ABD’deki “veri merkezi”ni gezerken bir mola verdik…
Refakatçi bayan, sorularımız olursa cevaplayabileceğini söyledi.
Benden “Türk Usulü” bir soru:
“Burada çalışanlar en az kaç para alır?..”
Dedi ki;
“Yeni başlayan bir uzman yılda şöyle böyle 150 bin dolar net alır!..”
-Voooov!..
•
Molanın ardından bahçe taraflarından içeri doğru ilerlerken “otopark” bölümüne takıldı gözüm.

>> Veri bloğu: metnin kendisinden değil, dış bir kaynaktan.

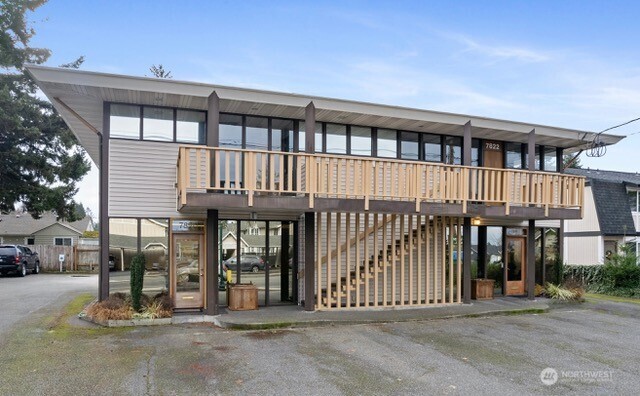 7820 - 7822 27th Street W #C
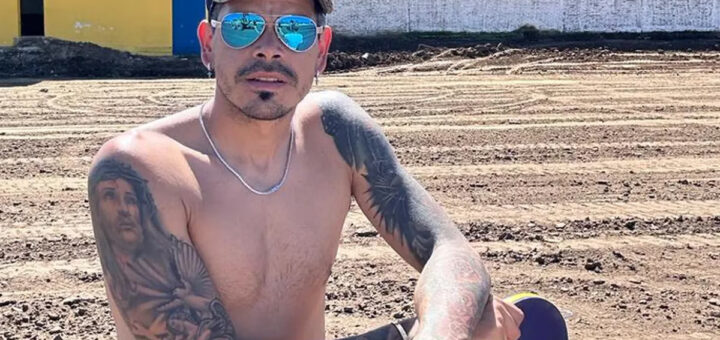 alt="Gustavo Bou, en el club Nebel, de Concordia, donde es presidente y está renovando el campo de juego"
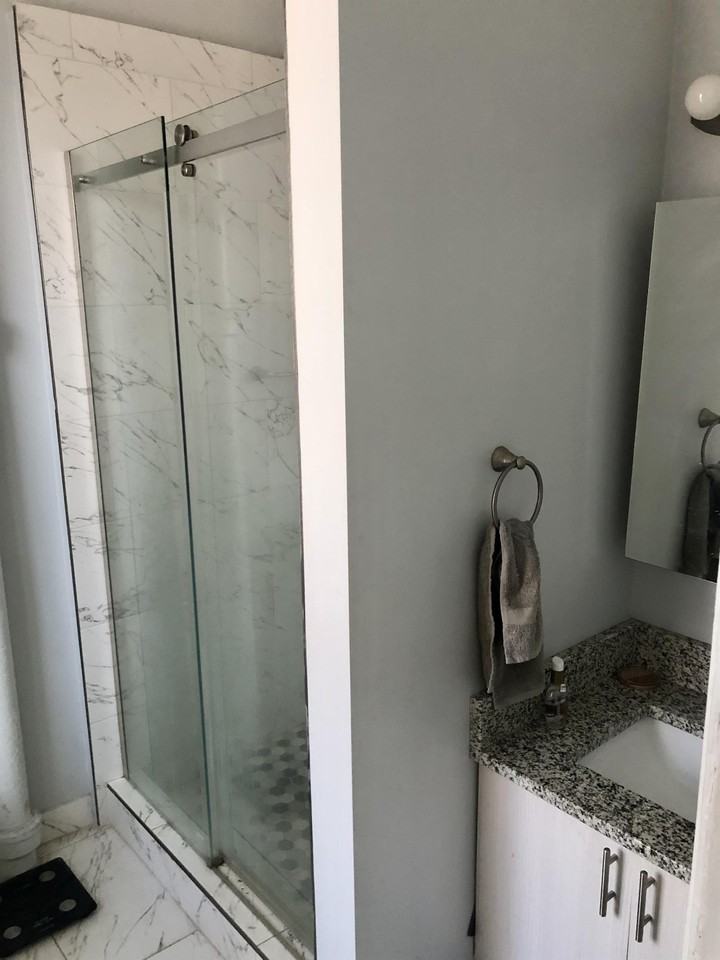 920 W 35th Pl - Photo 7 of 10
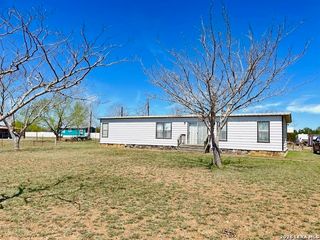 155 nicks, Comfort, TX 78013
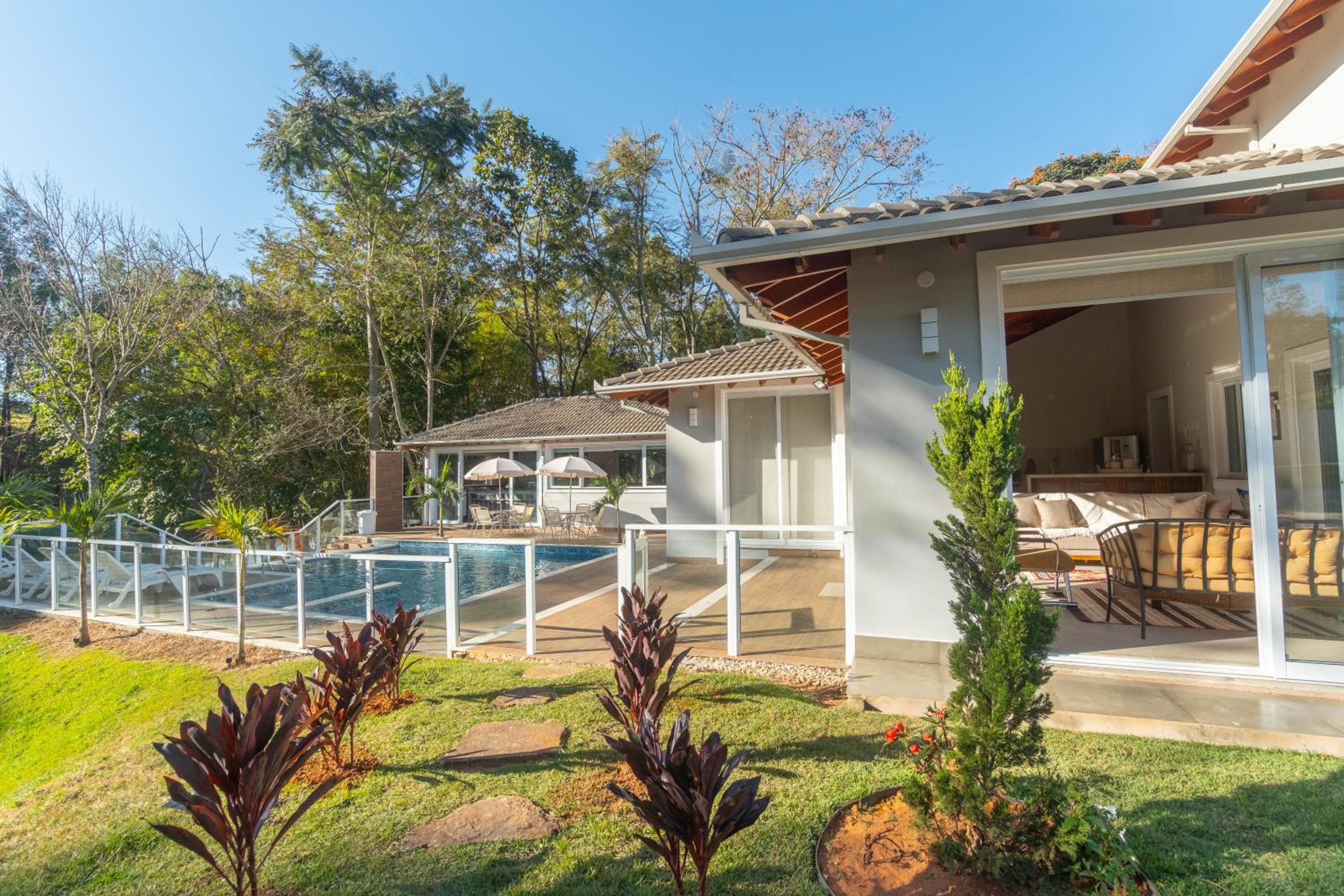 Casa para Locação Terras de São Francisco!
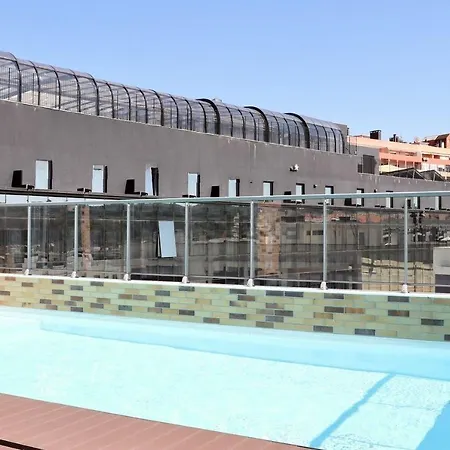 Em Boa Localizacao Com Piscina * ליסבון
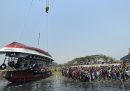 Almeno 26 persone sono morte in Bangladesh a causa del naufragio di un traghetto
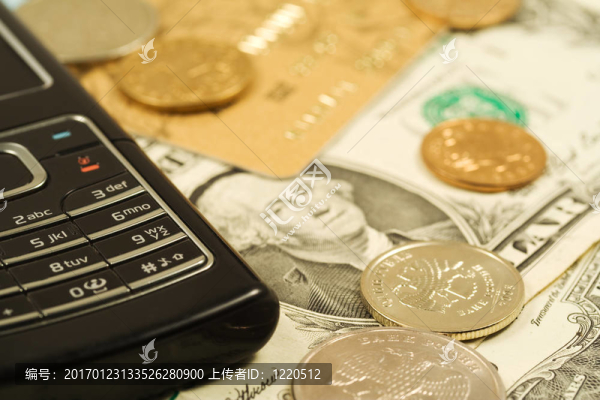 商業(yè)符號(hào)。手機(jī)；信用卡和現(xiàn)金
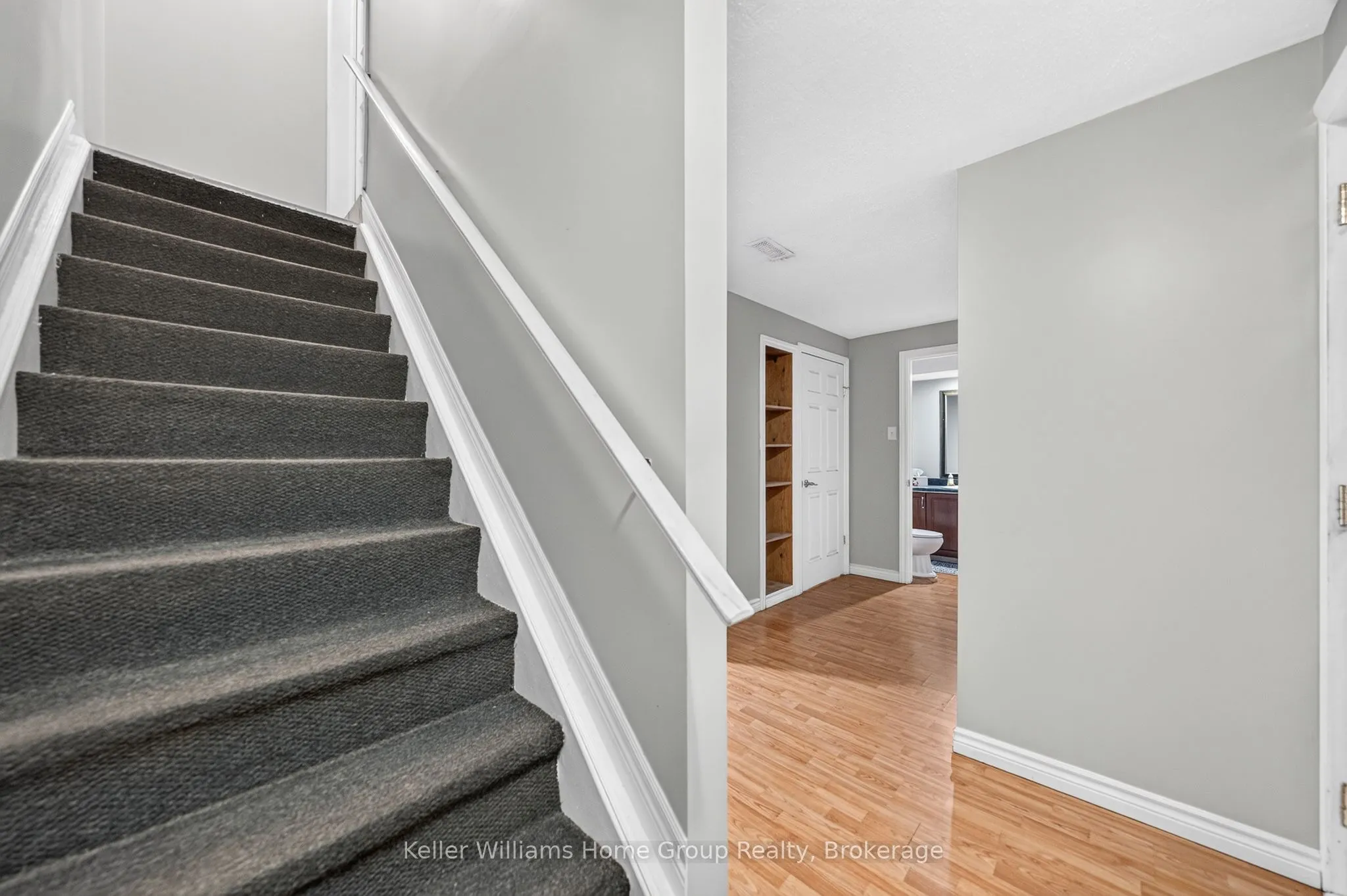 479 Doon S Drive E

“Türk Usulü” ya; otomobillerin markalarına, modellerine dikkat kesildim.
Çoğu, biz “Türklerin” burun kıvıracağı tip ve modelde arabalar; 98, 99 Toyotalar filan var, “lüks” denilebilecekler azınlıkta.
Otoparkı dolanırken refakatçi bayana sordum:
“Bunlar hademelerin filan arabaları mı?..”
Ne demek istediğimi hemen kavradı.
Gülerek;
“Yok hayır, yılda en az 150 bin dolar kazananların arabaları!” dedi.
“Türk” samimiyeti;
“Sizin araba nasıl?” diye bir soru daha çıkarttım.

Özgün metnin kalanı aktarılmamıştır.